Fast 17 Jahre nach dem Feuertod von Oury Jalloh im Januar 2005 in einer Dessauer Polizeizelle sieht eine private Aufklärungsinitiative neue Belege dafür, dass der Geflüchtete aus dem westafrikanischen Sierra Leone ermordet worden ist. Das geht nach Angaben der „Initiative in Gedenken an Oury Jalloh“ aus einem neuen Gutachten eines britischen Brandexperten hervor, das am Mittwoch in einer Pressekonferenz vorgestellt wurde.
Das neue Brandgutachten basiert auf Brandversuchen zur Rekonstruktion des Tatortes in einem originalgetreuen Nachbau der Zelle 5 des Polizeireviers Dessau. Der Brandsachverständige Iain Peck kommt darin zu dem Ergebnis, dass der an Händen und Füßen gefesselte Oury Jalloh von Polizeibeamten mit einer entzündlichen Flüssigkeit übergossen und angezündet worden sein muss. Im Vorfeld durchgeführte Bewegungsversuche einer gleichermaßen fixierten Person auf einer Matratze in Originalgröße hätten darüber hinaus gezeigt, dass Oury Jalloh weder den Bewegungsspielraum noch andere Möglichkeiten hatte, die Matratze selbst anzuzünden, heißt es in einer Mitteilung der Initiative.
Die Familie Oury Jallohs fordert nun die sofortige Wiederaufnahme der Ermittlungen wegen Mordes gegen mehrere Polizeibeamten des Dessauer Reviers. Sie stellt gleichzeitig Anzeige wegen Strafvereitelung im Amt gegen die für die Einstellung der Mordermittlungen zuständigen Oberstaatsanwälte der Generalstaatsanwaltschaft Naumburg. „Wir sind nicht in der Lage, die Staatsanwaltschaft zu etwas zu zwingen. Wir hoffen auf die Öffentlichkeit und den öffentlichen Druck“, sagte Nadine Saeed von der Initiative.

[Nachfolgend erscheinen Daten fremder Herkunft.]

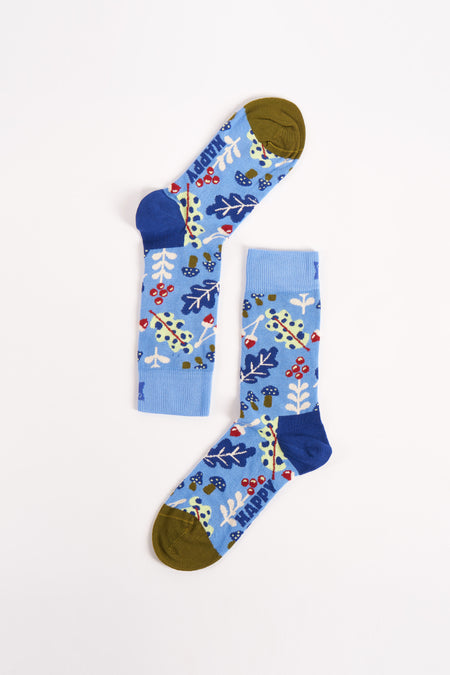 Chaussettes - bleu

Verbrannt auf schwer entflammbarer Matratze in gefliester Arrestzelle
Am Abend des 7. Januar 2005 soll sich Oury Jalloh laut Polizeiangaben in einer gefliesten Arrestzelle im Keller des Dienstgebäudes Wolfgangstraße 25 des Polizeireviers Dessau-Roßlau selbst angezündet haben. Polizeibeamte hatten ihn auf eine schwer entflammbare Matratze an Händen und Füßen fest gekettet. Unmittelbar nach seinem Tod in der Gewahrsamszelle Nr. 5 gründete sich die Initiative in Gedenken an Oury Jalloh und hat die Ermittlungen von Anfang an durch eigene gutachterliche Untersuchungen begleitet, um die wahren Umstände, wie Oury Jalloh ums Leben kam, an die Öffentlichkeit zu bringen. Ein letztes Ermittlungsverfahren war von der Generalstaatsanwaltschaft in Naumburg 2018 eingestellt worden. Nach Auffassung der Behörde gibt es für die Brandbeschleuniger-These bislang keine Belege. Sollten neue Beweismittel auftauchen, könnten die Ermittlungen aber wieder aufgenommen werden, sagte ein Sprecher.